For this exercise, copy the records below exactly and exclude every image.

» **Provided information**
::::::
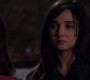 216GossipGirl1025.jpg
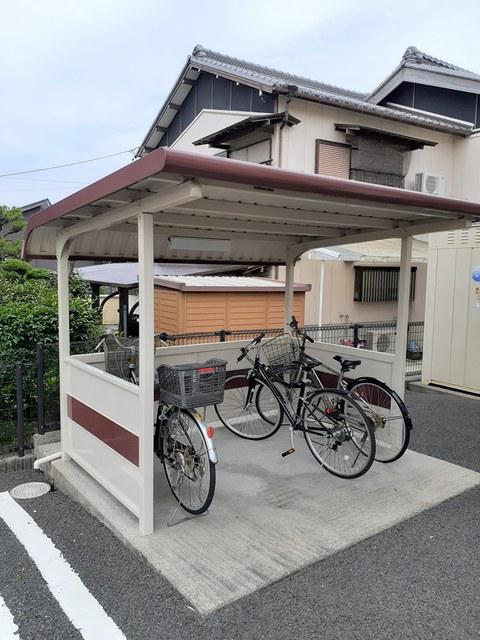 ピアチェーレ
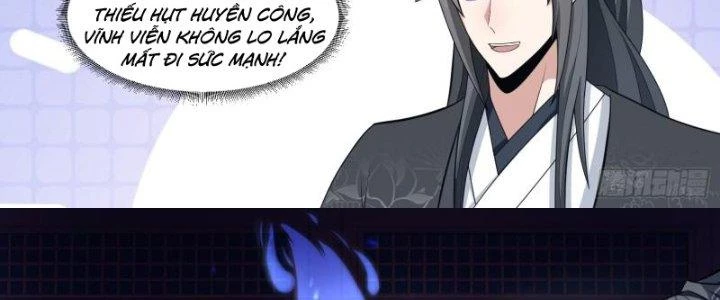 Dị Thế Tà Quân Chapter 215 - Trang 4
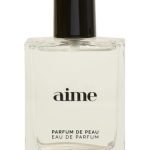 عطر ادکلن پرفیوم دو پو ایم - Parfum de Peau Aime - بررسی، قیمت و خرید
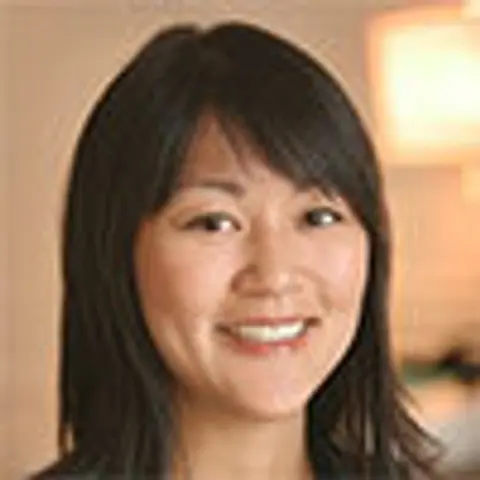 Gena Chen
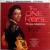 Buy The One Rose (Vinyl)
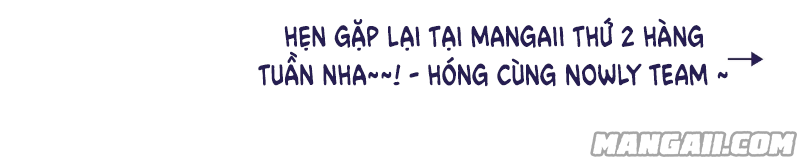 đọc truyện Papa Bạo Quân! Người Chạy Đâu Cho Thoát?! Chương 73 ảnh 22 tại Thiên Thai Truyện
::::::
» **Solution to this problem**
 216GossipGirl1025.jpg
 ピアチェーレ
 Dị Thế Tà Quân Chapter 215 - Trang 4
 عطر ادکلن پرفیوم دو پو ایم - Parfum de Peau Aime - بررسی، قیمت و خرید
 Gena Chen
 Buy The One Rose (Vinyl)
 đọc truyện Papa Bạo Quân! Người Chạy Đâu Cho Thoát?! Chương 73 ảnh 22 tại Thiên Thai Truyện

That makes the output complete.